- [DATA FOR THIS EXERCISE]:
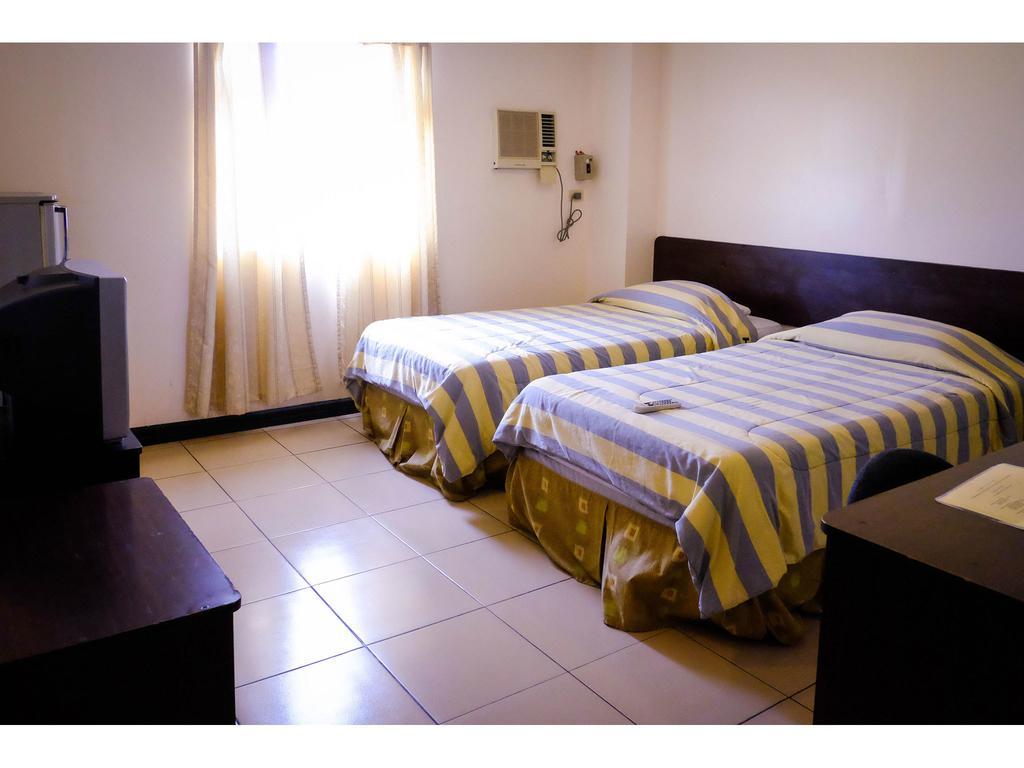 Crowne Garden Hotel Cebu Quarto foto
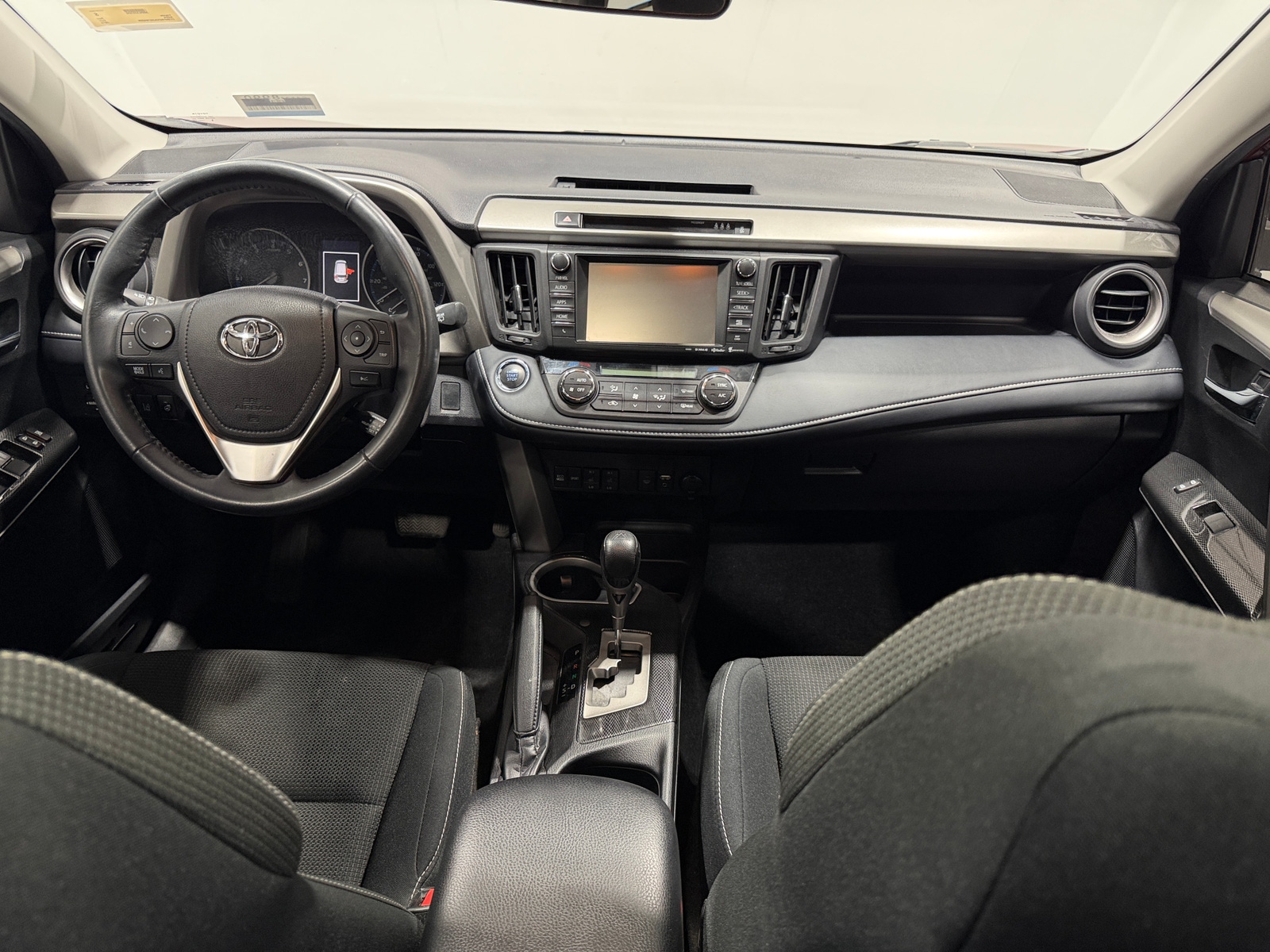 Thumbnail: 2018 Toyota RAV4 - 3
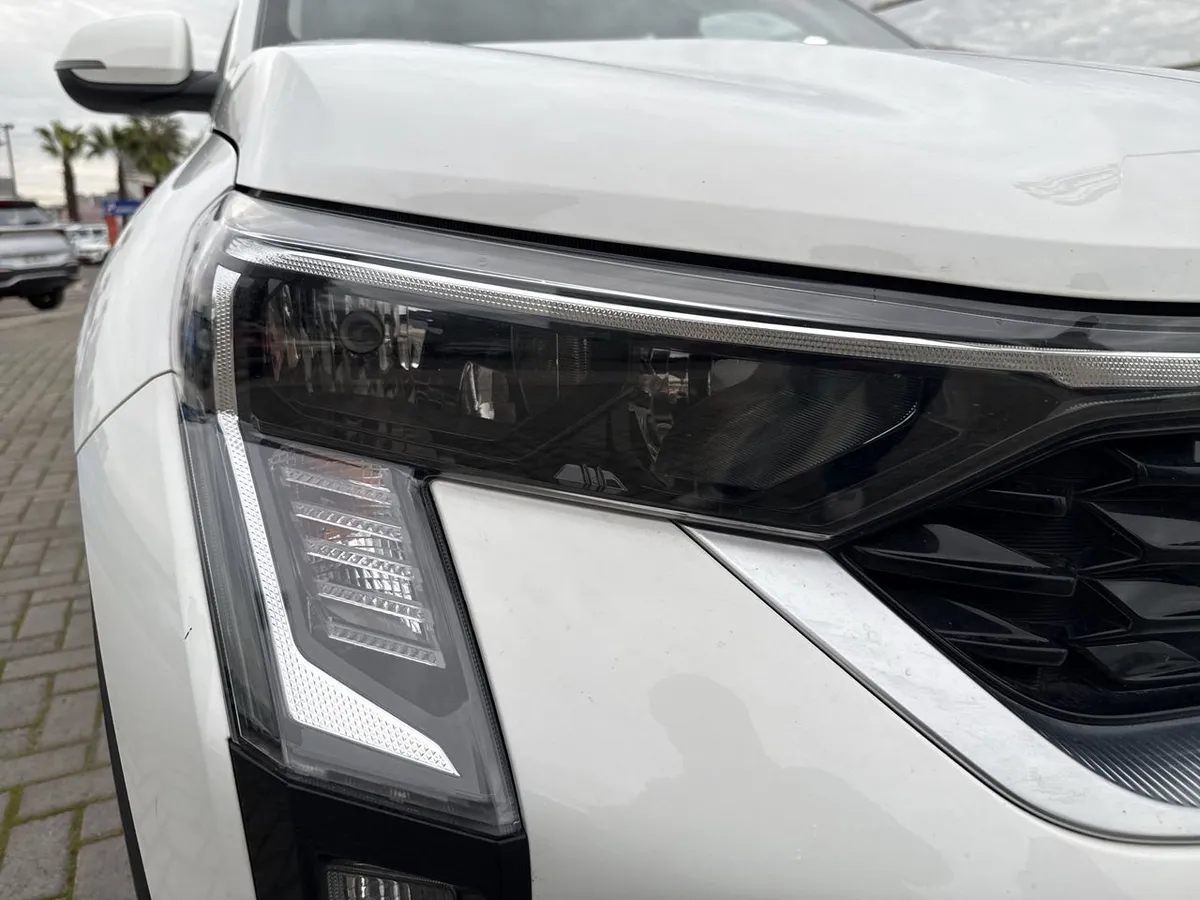 Kia Sonet 1.5 Ex 4x2 Ivt Ri At 5p año 2025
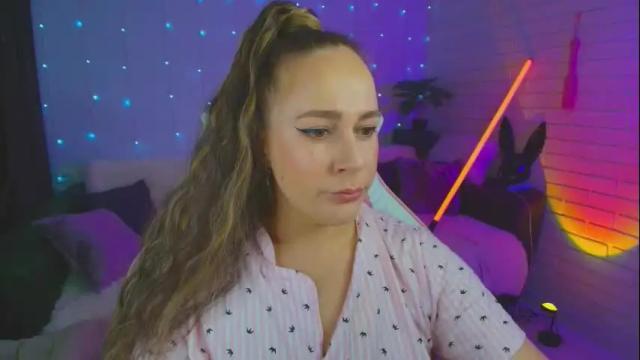 Image 2 of pepper_cat Stream on Chaturbate on 15 days ago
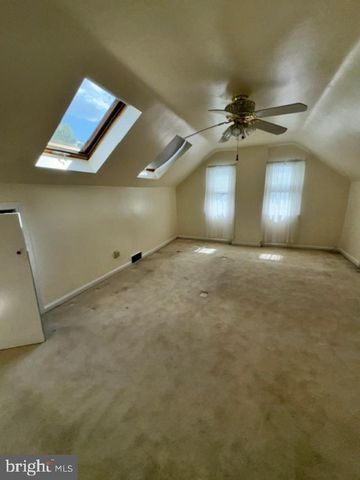 154 WYNDMOOR RD, Havertown, PA 19083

- [TASK REQUIREMENTS]:
Line by line, write out the material above exactly, with no images.

- [ANSWER BOX]:
 Crowne Garden Hotel Cebu Quarto foto
 Thumbnail: 2018 Toyota RAV4 - 3
 Kia Sonet 1.5 Ex 4x2 Ivt Ri At 5p año 2025
 Image 2 of pepper_cat Stream on Chaturbate on 15 days ago
 154 WYNDMOOR RD, Havertown, PA 19083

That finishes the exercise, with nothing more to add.